Alle origini del genere

di ENZO VERRENGIA

Con “Il bacio del calabrone”, Giancarlo De Cataldo riporta in libreria il magistrato Manrico Spinori, aristocratico capitolino, con il relativo maggiordomo, Camillo, che lo chiama “signor contino”, e donna Elena, ludopate a spese del patrimonio familiare, dilapidato. Qui indaga sulla morte di Tito Cannelli, proprietario di una griffe d’eccel lenza. Spinori assiste al decessso nel laboratorio dei costumi del Teatro Costanzi di Roma.

De Cataldo, lei adesso parrebbe praticare le strade del giallo light o, come dicono gli americani, del “cozy” crime… 

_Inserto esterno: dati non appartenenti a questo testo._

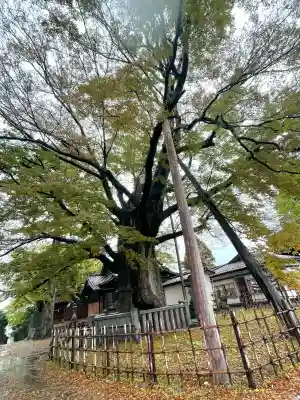 神明宮(石川県)
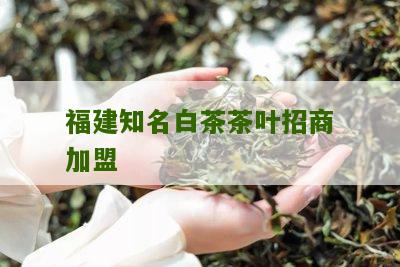 福建知名白茶茶叶招商加盟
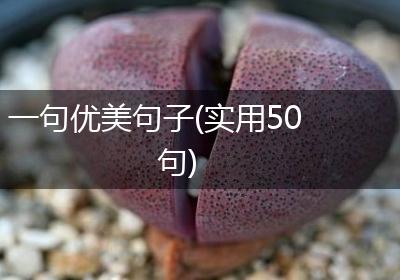 一句优美句子(实用50句)
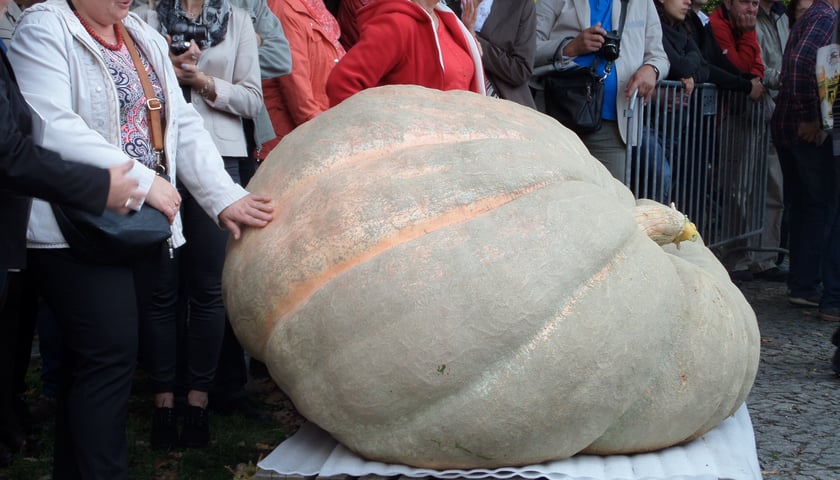 Dyniowy rekord Polski we Wrocławiu!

Be’, mettiamola così: nella vita è bello cambiare… non ho certo abbandonato la vocazione “noir” che mi ha caratterizzato per tanti anni, ma avendo deciso di dare vita a un personaggio seriale, ho scelto di ambientare i delitti in ambienti meno marginali, che lambiscono alcuni miti della società di oggi: se ci fa caso, sin dal primo romanzo gli sfondi sono borghesi, i temi riguardano il successo nello spettacolo, la corruzione, la credulità nella magia e, adesso, la moda. Il crimine, insomma, non alberga soltanto nei bassifondi, anzi… e per raccontare questi delitti d’alto bordo, diciamo così, ho scelto un tono più leggero, meno aspro.

Il bacio del calabrone: un titolo che rimanda alla stagione del grande giallo cinematografico italiano degli anni ’70, da Dario Argento in poi, con un animale nel titolo…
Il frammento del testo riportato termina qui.